SerializerManager类中data开头的Serialize、Deserialize方法，都默认先对InputStream、OutputStream进行Buffered缓冲包装，然后wrapForCompression(blockId, stream)对流进行压缩处理

分析CompressionCodec类

这里摘取CompressionCodec类重要的代码片段进行分析

首先是压缩InputStream、OutputStream的trait抽象

trait CompressionCodec {

  def compressedOutputStream(s: OutputStream): OutputStream

  def compressedInputStream(s: InputStream): InputStream
}

再分别实现lz4、lzf、snappy、zstd压缩算法: lz4-java，compress-lzf，snappy-java，zstd-jni

// lz4
class LZ4CompressionCodec(conf: SparkConf) extends CompressionCodec {
  override def compressedOutputStream(s: OutputStream): OutputStream = {
    val blockSize = conf.getSizeAsBytes("spark.io.compression.lz4.blockSize", "32k").toInt
    new LZ4BlockOutputStream(s, blockSize)
  }

  override def compressedInputStream(s: InputStream): InputStream = {
    val disableConcatenationOfByteStream = false
    new LZ4BlockInputStream(s, disableConcatenationOfByteStream)
  }
}

// lzf
class LZFCompressionCodec(conf: SparkConf) extends CompressionCodec {
  override def compressedOutputStream(s: OutputStream): OutputStream = {
    new LZFOutputStream(s).setFinishBlockOnFlush(true)
  }

  override def compressedInputStream(s: InputStream): InputStream = new LZFInputStream(s)
}

// snappy
class SnappyCompressionCodec(conf: SparkConf) extends CompressionCodec {
  // Snappy.getNativeLibraryVersion
  val version = SnappyCompressionCodec.version

  override def compressedOutputStream(s: OutputStream): OutputStream = {
    val blockSize = conf.getSizeAsBytes("spark.io.compression.snappy.blockSize", "32k").toInt
    // 这里使用自定义的SnappyOutputStreamWrapper类包装(因为SnappyOutputStream类的close方法不是幂等的，当两个SnappyOutputStream对象共用同一个Buffer时，其中一个close会导致另一个引用出错)
    // snappy-java:1.1.2已经修复，可以直接返回SnappyOutputStream对象
    new SnappyOutputStreamWrapper(new SnappyOutputStream(s, blockSize))
  }

  override def compressedInputStream(s: InputStream): InputStream = new SnappyInputStream(s)
}

// zstd。

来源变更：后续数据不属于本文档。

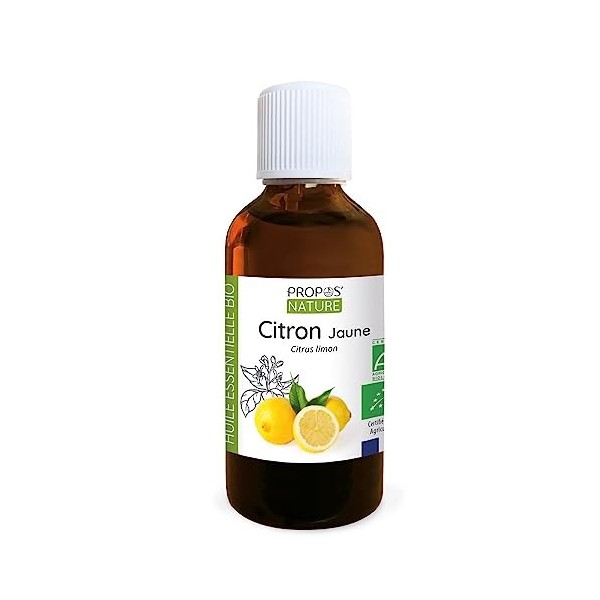 Huile essentielle de Citron Bio - Citrus limon peel oil - 30 ml- PROPOSNATURE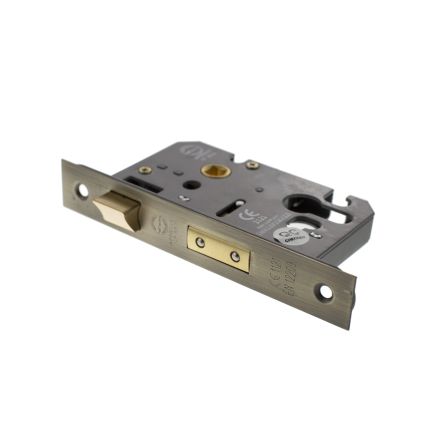 Atlantic Euro Sashlock [CE] 2.5" - Matt Antique Brass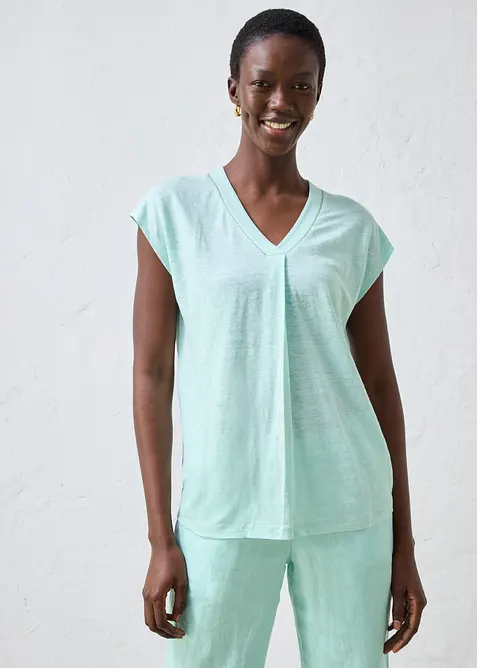 T-shirt 100% lin, bonprix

使用Buffered缓冲，减少调用JNI方法频次，降低开销
class ZStdCompressionCodec(conf: SparkConf) extends CompressionCodec {
  private val bufferSize = conf.getSizeAsBytes("spark.io.compression.zstd.bufferSize", "32k").toInt
  // Default compression level for zstd compression to 1 because it is
  // fastest of all with reasonably high compression ratio.
  private val level = conf.getInt("spark.io.compression.zstd.level", 1)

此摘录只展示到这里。